While it’s clear that people are displaying fear, sadness and even anger, the cloud shows the biggest emotion being used on social channel interaction is laughter. 20% of emojis in the cloud are positive and 81% of the emojis are either positive or neutral; using hearts, fist bumps, thumbs up or laughing emojis to show love, strength and fun, while the neutral emojis display references to country, emergency services, as well as a number of emojis, including a house and loud halers pointing to the desire for people across the globe to stay indoors.


Put simply this shows the resilience of the nation as people find a way through the lockdown and look for ways to entertain themselves and find positivity in the situation.


Coupled with an increase in social media activity, Vodafone has reported a 30%** increase in data usage, coupled with a 50%*** rise in internet use with people working from home. And in between work commitments and home-schooling, people have been searching for content that provides emotional respite; warmer more emotive stories that lift the spirits.

The big question is, how can brands use this information to ensure they’re creating the right kind of content and sentiment for their audiences?

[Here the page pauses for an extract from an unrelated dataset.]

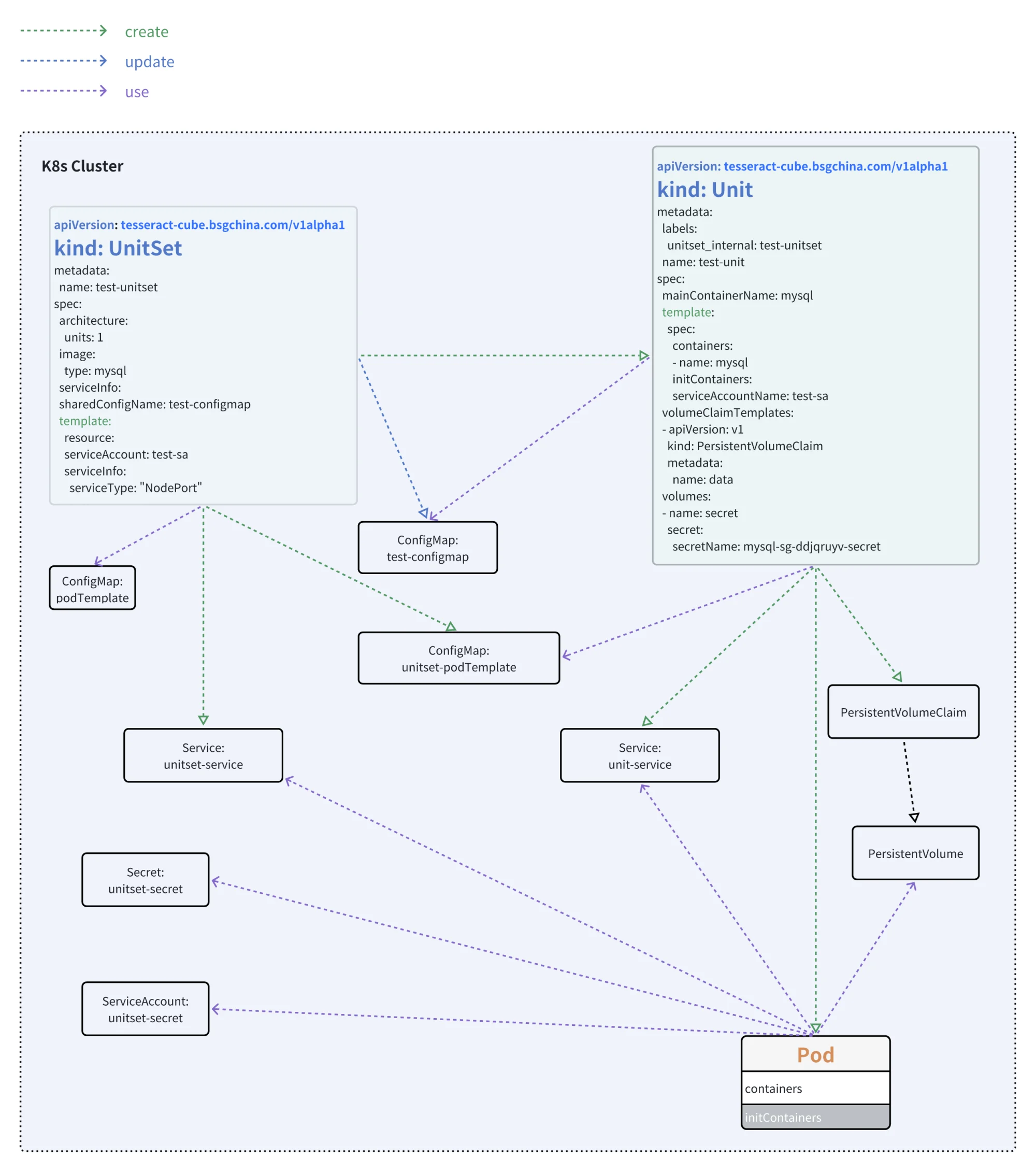 UnitSet Management Architecture Diagram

  1. People want light relief – whether it’s entertainment like virtual drinks, pub quiz and house party apps, stay at home challenges or emotional stories and restorative exercises, the public want a break from the monotony of lockdown and the continuous media stream of Coronavirus coverage. Think about what your brand can do to facilitate this need but don’t force it, if your typical brand content is more corporate or doesn’t typically have a lighthearted tone, think carefully about how you can incorporate irreverent content without it jarring with your brand values

  2. Know where the line is – yes people want fun and entertainment but there is also a very serious global crisis happening and it’s all too easy to get carried away creating something that can appear ‘tone deaf’ in the current climate. Always sense check with multiple members of your team to make sure the tone is right. Most importantly, add value to the online conversation and don’t try and capitalize on it by shoe-horning your product/service in there. Be authentic, be real and add value

  3. You don’t necessarily have to keep it short – people are spending more time at home and do have more time to spend reading content, where they might normally only just skim it. Challenge your audience,

  4. Use the time to test – You have an unprecedented captive audience so use this time to test mechanics, messages, platforms and see what your audiences respond to

  5. Be available – people want to talk to brands, for many it’s their only outlet for conversation and information so make sure you have a robust community management process in place to deal with this. You need to monitor in the day, evening and weekends, people are online 24/7 and they expect you to be too, so make sure you’re in a position to respond quickly.


Overall, this is a challenging time for businesses globally and the situation is constantly changing. Be prepared to be flexible with your content plans and most importantly ready to pull anything scheduled immediately to respond to announcements or news updates.


The main advice, LISTEN and keep listening, your audiences will show you the kind of content they want and they are happy to be served. Use this time as an opportunity to build a relationship with your online communities.